I-330 13.05.2009 - 09:07
Als Gegenmaßnahme zu dem Versuch der Kinderhilfe und der Bundesregierung, Zensur durchzusetzen, müsste man massiv Aufklärung betreiben. Ich appelliere an lokale Gruppen im linken Spektrum, Datenschützer, Bürgerrechtler etc: Findet heraus, wo und wann die Unterschriftenaktionen stattfinden sollen (erste Anhalte gibts im Link) und verteilt dort z.B. Flyer, um die Leute 1. über die dubiosen Machenschaften der Kinderhilfe und 2. über die Zensur aufzuklären, und/oder macht ne spontane Gegendemo oder lasst euch was anderes kreatives einfallen.

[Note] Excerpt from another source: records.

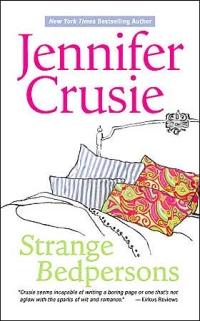 Excerpt of Strange Bedpersons by Jennifer Crusie
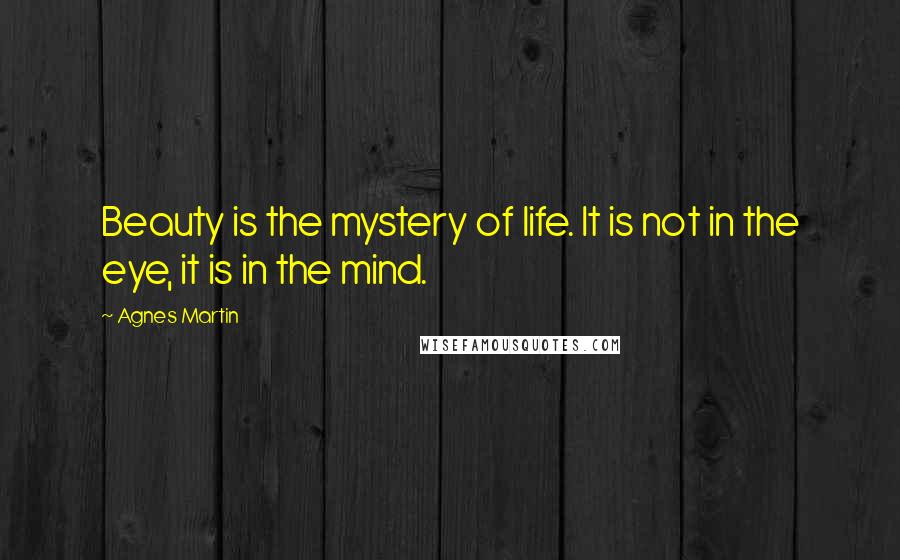 Agnes Martin Quotes: Beauty is the mystery of life. It is not in the eye, it is in the mind.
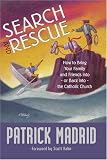 Search and Rescue: How to Bring Your Family and Friends Into, or Back Into, the Catholic Church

Wir müssen den Protest gegen Zensur endlich auf die Straßen tragen und der breiten Bevölkerung zeigen, dass wir normale besorgte Menschen sind und keine seltsamen Onkels, die sich am Spielplatz einen runterholen. (Und warum es nicht parallel zur ePetition auch eine Unterschriftenaktion mit normalem Papier gibt, ist mir auch schleierhaft!)

Link:
 http://www.heise.de/newsticker/Streit-um-Internetsperren-Gesetz-geht-weiter--/meldung/137688

Reclaim the streets, reclaim the net, reclaim our rights!